### Dataset

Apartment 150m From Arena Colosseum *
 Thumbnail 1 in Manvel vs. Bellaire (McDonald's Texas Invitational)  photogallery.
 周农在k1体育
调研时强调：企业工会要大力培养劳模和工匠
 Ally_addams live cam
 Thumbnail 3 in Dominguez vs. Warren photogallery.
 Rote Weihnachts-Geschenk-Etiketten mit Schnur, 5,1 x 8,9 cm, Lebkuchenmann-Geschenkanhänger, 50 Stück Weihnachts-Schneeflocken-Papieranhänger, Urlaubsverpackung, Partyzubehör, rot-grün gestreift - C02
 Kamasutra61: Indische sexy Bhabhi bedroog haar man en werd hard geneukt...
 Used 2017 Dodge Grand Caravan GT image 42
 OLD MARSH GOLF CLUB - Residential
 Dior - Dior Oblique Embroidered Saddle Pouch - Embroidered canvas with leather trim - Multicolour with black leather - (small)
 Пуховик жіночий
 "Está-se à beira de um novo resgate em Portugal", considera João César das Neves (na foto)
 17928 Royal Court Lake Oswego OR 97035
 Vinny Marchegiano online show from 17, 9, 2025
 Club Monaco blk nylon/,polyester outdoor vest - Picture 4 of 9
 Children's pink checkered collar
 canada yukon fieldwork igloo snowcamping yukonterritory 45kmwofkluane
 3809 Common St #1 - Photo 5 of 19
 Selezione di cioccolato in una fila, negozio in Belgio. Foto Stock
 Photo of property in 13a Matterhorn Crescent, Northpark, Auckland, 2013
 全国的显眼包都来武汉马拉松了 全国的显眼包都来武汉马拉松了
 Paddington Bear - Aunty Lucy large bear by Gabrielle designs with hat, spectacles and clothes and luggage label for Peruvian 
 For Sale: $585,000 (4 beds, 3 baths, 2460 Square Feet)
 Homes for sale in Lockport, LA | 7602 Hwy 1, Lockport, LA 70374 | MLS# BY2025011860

######

Beginning at the first line of the data above, retype each line until you reach the line containing "OLD MARSH GOLF CLUB - Residential", and include that one too. Add nothing else.

Apartment 150m From Arena Colosseum *
 Thumbnail 1 in Manvel vs. Bellaire (McDonald's Texas Invitational)  photogallery.
 周农在k1体育
调研时强调：企业工会要大力培养劳模和工匠
 Ally_addams live cam
 Thumbnail 3 in Dominguez vs. Warren photogallery.
 Rote Weihnachts-Geschenk-Etiketten mit Schnur, 5,1 x 8,9 cm, Lebkuchenmann-Geschenkanhänger, 50 Stück Weihnachts-Schneeflocken-Papieranhänger, Urlaubsverpackung, Partyzubehör, rot-grün gestreift - C02
 Kamasutra61: Indische sexy Bhabhi bedroog haar man en werd hard geneukt...
 Used 2017 Dodge Grand Caravan GT image 42
 OLD MARSH GOLF CLUB - Residential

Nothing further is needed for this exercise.